Sin embargo, esta pervivencia de la tradición no puede interpretarse como lo propio de unas señas de identidad vascas o navarras, como cuando se denomina a Navarra «comunidad foral». Todo lo contrario: son una palanca utilizada por los viejos foralistas, convertidos ahora en separatistas. Sabino Arana, fundador del PNV, era un carlista atemorizado por la industrialización progresiva de Vascongadas, que supondría un desmantelamiento ya efectivo del Antiguo Régimen, con la pérdida de vigencia de los caseríos y otras instituciones de la sociedad tradicional.
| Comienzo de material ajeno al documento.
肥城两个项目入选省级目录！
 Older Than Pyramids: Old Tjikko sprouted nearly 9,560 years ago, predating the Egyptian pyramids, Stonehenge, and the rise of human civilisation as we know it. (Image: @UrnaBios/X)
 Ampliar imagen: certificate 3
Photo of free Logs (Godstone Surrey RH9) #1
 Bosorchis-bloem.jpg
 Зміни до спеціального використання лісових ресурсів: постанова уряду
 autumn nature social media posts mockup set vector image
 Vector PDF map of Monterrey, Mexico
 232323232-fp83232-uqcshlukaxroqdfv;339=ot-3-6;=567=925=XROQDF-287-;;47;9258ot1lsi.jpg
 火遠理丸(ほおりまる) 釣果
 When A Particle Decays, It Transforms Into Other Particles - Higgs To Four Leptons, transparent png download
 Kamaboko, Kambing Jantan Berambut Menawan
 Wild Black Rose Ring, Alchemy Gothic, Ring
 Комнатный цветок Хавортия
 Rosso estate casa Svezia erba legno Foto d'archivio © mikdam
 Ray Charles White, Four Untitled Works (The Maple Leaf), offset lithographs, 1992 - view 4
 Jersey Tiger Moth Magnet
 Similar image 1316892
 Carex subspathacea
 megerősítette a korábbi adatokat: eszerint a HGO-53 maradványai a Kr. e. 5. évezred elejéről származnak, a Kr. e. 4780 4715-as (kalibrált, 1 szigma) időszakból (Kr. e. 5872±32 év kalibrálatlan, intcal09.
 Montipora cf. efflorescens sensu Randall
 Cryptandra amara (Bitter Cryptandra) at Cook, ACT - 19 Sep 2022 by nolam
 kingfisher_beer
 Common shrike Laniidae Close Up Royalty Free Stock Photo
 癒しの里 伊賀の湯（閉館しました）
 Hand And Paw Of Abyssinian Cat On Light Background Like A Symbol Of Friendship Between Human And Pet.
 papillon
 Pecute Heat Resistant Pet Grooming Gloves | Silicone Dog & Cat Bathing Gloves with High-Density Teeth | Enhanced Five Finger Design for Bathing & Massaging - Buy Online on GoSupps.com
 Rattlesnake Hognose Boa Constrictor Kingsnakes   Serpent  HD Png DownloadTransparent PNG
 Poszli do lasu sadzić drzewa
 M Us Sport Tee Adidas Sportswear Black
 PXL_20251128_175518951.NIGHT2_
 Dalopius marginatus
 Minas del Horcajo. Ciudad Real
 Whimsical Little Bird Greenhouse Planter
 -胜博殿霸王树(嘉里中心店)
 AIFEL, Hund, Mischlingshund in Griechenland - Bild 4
Es completamente falso que los fueros supongan un precedente del autogobierno de esas comunidades, expresión por otro lado confusa y contradictoria, igual que la de autodeterminación. ¿Cómo puede autodeterminarse o autogobernarse algo que previamente no existe y, en este caso, carece de soberanía? Bajo la coartada de los fueros se encuentra la sombra del Antiguo Régimen, el caciquismo del siglo XIX y otras muchas amenazas contra España que son alentadas desde terceros países y que han de ser neutralizadas más pronto que tarde.